# Plastic Water Dam???



## jweiner (Dec 21, 2008)

In our basement, all of the main water-related items (heater, water main, softener, sump pump, etc.) is located in a rectangular-shaped bump out with dimensions of about 3' x 12'. There is a floor drain in this area also. I was thinking of building a "water dam" perhaps about 6" high and the 12' in length. I would use silicone to seal the dam to the floor and foundation. I envision that if ever there was a water leak in this area, the 6" high dam would keep the water from moving into our finished basement area until it all went down the floor drain. Has anyone ever heard of this type of idea? If so, what would be the best product to use to build the dam? I was think perhaps a couple pieces of PVC decking screwed together?????


----------



## Blondesense (Sep 23, 2008)

What currently separates this area from your finished area? Will there be _any_ foot traffic across it apart from maintainance? Does this area include the washer and dryer?

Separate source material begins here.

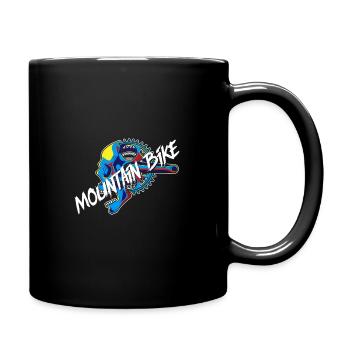 Maillot de pédalage VTT - Mug uni - noir - Droite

I don't have any practical suggestions, and I realize this isn't an answer to your question, but I'm throwing it out there anyway. We have a somewhat similar situation. A _huge_ laundry room with floor drain that includes the water heater and water softener. This room also doubles as my fabric studio. 
If there was a "damn" across the room separating the two sides I would kill myself. Not intentionally, but I know I would end up hurting myself eventually and badly on the thing.


----------



## jweiner (Dec 21, 2008)

Essentially there is just a partition wall with a 36" doorway separating this area from our finished space in the basement. There would be no traffic across it. I thought about using rectangular PVC fencing or decking material to make the "dam" and was just wondering if anyone had any thoughts.


----------



## RobandStacey (Oct 28, 2008)

I don't see anything problem. As long as you properly seal where your "dam" will meet the floor it seems fine to me. Also, with no foot traffic I would not worry about it being a 6'' wall to step over when you walk through the door.


----------



## Ron6519 (Mar 28, 2007)

A full blown water heater failure or a broken pipe will not stop the flood. You want a solution that will address a worse case scenario, not the best case.
They have these devices you incorporate into the water main along with devices that detect the leaks and shut off the water main. I put one called the Water Cop into one of my customers upstate, weekend homes. It's a motorized switch that will shut off the water main if one of the remote devices gets wet. I put the remote units in each bath, the kitchen and in the basement by the well, water conditioning unit and the boiler/water heater(all one area).
Doing this, along with your barrier will stop most water from getting where it will do damage. Water heaters can fail two ways. One is that they just drain out their contents. The other is when they fail like an open faucet. The drain will never keep up.
The unit I put in ran about $600. That included the water main unit, four remote devices and a switch you could push if you needed to shut off the water in an emergency.
The unit was put in so she doesn't have another $57,000 loss due to a frozen burst pipe.
Ron


----------